Commenting on the October Survey published by the Royal Institute of Chartered Surveyors(RICS), Mr. Burdett said, “The analysis in RICS’ October survey is certainly supported by what we are seeing on the ground, which is that demand remains very strong with supply struggling to keep up. House prices continue to rise, although they have calmed somewhat since the end of the Stamp Duty holiday.”

Supply continues to be a challenge, but demand has defied forecasts. The end of the Stamp Duty holiday has been balanced by continued low borrowing rates, although the cost of borrowing is beginning to rise, despite the Bank of England keeping the Base Rate unchanged. The rate of increase is likely to slow further as the housing market enters the traditional slowdown over Christmas and the Winter.

Moving into Spring, supply is expected to improve as the housing market enters a period where it is naturally buoyant. That said, transactions are set to continue throughout the Winter despite the supply challenges and resulting house price rises as buyers take advantage of low interest rates, ahead of an anticipated rise in the Base Rate of interest in 2022.
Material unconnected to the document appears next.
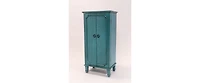 Slickblue Vintage Hand Painted Jewelry Armoire with Antique Drawer Pulls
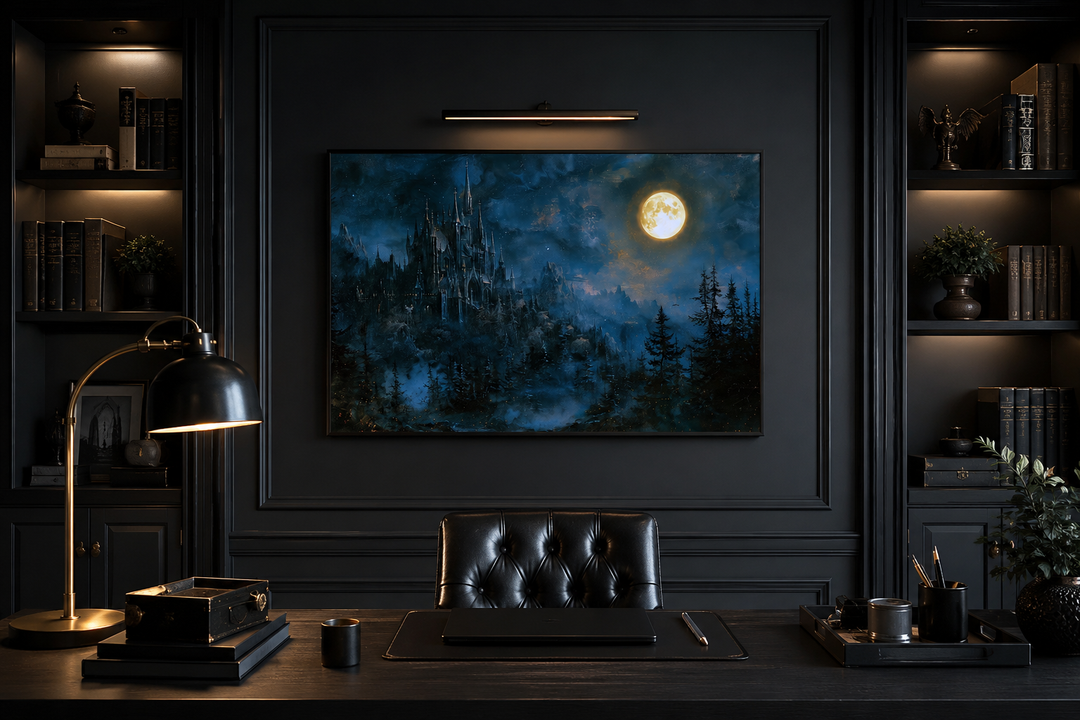 Framed gothic wall art of a haunted castle under a full moon in a dark, moody office setting.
Robert Burdett said, “We expect transactions to slow over Winter, as it always does, but we are still seeing brisk trade, so the signs are positive for a busy end to 2021, despite uncertainty around Covid-19, and the massive strain that the economy has been under.” Bob Burdett James Leigh Property Management

Since 2009 there have been 3.5 million first-time buyers entering the housing market, none of whom have experienced rising interest rates. Alongside this possible increase in mortgage payments is the spectre of the rising cost of living which could impact confidence and therefore prices. 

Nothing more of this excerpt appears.